At present UNICORE (in version 6) is designed according to the Service Oriented Architecture (SOA will be described in details in the next subchapter). In UNICORE, SOA is represented by UNICORE Atomic Services mechanism which implements indivisible and simple tasks without their support by workflows. This means that this mechanism gives the possibility to use different programming languages for defining and processing such tasks. Summarising, such an approach is oriented on processing computational or streaming tasks, where data processing (like structured data coming from databases) is not supported. However, all that makes UNICORE a flexible system, which constitutes in the grids‘ history a important part - as a system which is still alive and still evolves according to current trends.
Globus Toolkit 2 has been created in 1997 basing on the previous grid project called Globus Project.

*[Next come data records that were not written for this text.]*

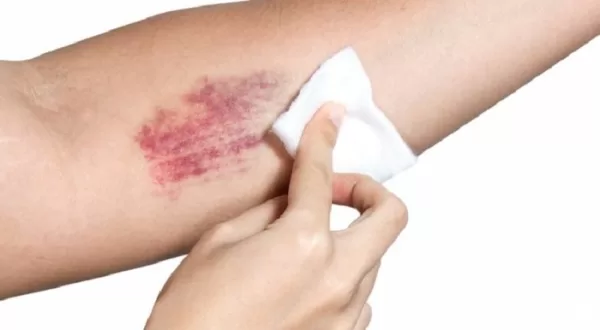 Mẹo làm giảm vết bầm tím trên cơ thể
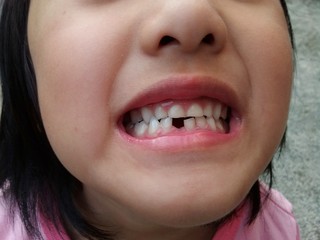 Fototapeta premium 歯が抜けた少女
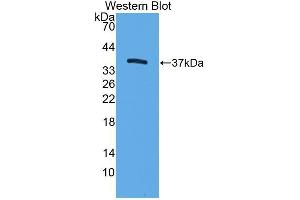 Western Blotting (WB) image for anti-Trefoil Factor 3 (Intestinal) (TFF3) antibody (Biotin) (ABIN1174902) (TFF3 antibody  (Biotin))
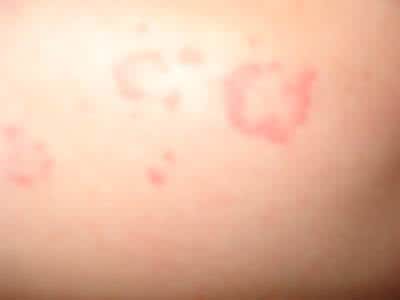 怎么才能患上玫瑰糠疹 患玫瑰糠疹能怀孕吗 如何护理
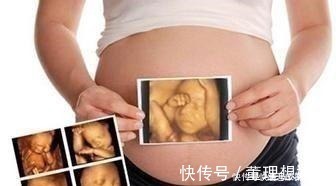 b超|孕期做四维有什么好处,什么时候做最好这个时候做是最好的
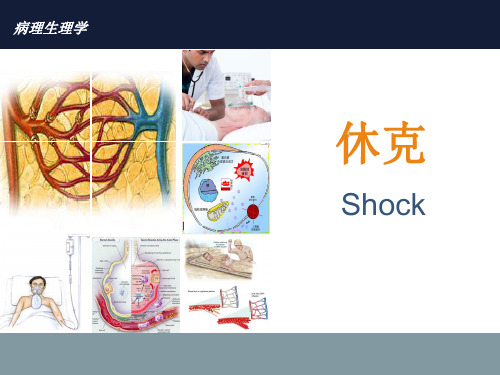 病理生理学——休克
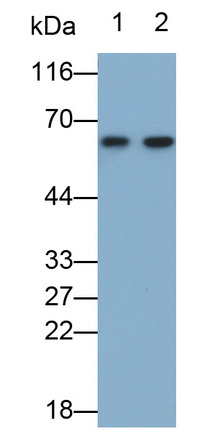 Monoclonal Antibody to Alpha-1-Antitrypsin (a1AT)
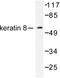 Keratin 8 antibody, LS-C176101, Lifespan Biosciences, Western Blot image 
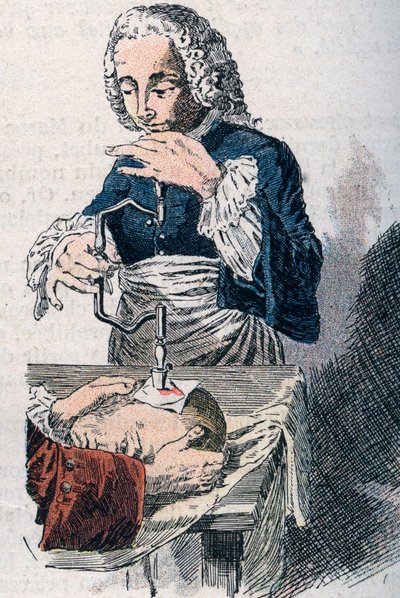 The Trepanation. 18th century print. by Unknown artist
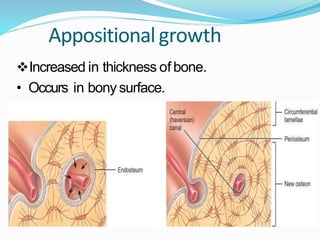Appositionalgrowth
Increased in thickness of bone.
• Occurs in bony surface.
 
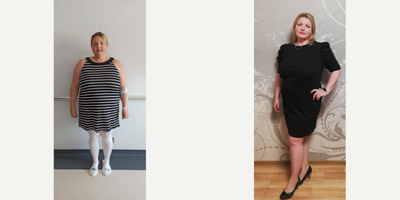 35-44 year old woman treated with Gastric Balloon - She cameto have Gastric Balloon in her stomach. We performed her surgery 4 months ago. She was 115 kg before her surgery. She lost 16 kg until now.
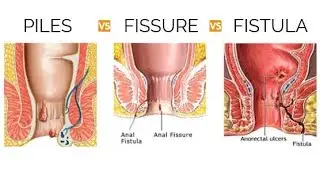 My first video| Fistula | Fissure | piles journey | Ano- Rectal diseases  #Fistula   #piles #Fissure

The formal founder of GT2 – currently GT4 is Globus Alliance
team. GT2 since its beginning turned out to be the standard for grid computations. It is related to OGSA – Open Grid Services Architecture (see next subchapter for details). GT2 implements protocols and APIs related to distributed calculations by providing services such as: authentication, search of resources (in a limited form), access to remote resources, data transfer, running, a control and queuing for processes, portability. After few years it became clear that this system actually has established a new quality of distributed calculations and sharing of resources between calculation centres. But it was also criticised for difficulty of its installation and management and complexity in usage [23]. For this reason, the system evaluated with many improvements into version 4 which is based on Web Services. Globus Toolkit architecture consists of three types of network nodes:
Computational – which execute processes controlled and queued by broker nodes;
Storage – which store a data needed for calculations or results;
Brokers – which are responsible for coordinating and queuing tasks, data transfers.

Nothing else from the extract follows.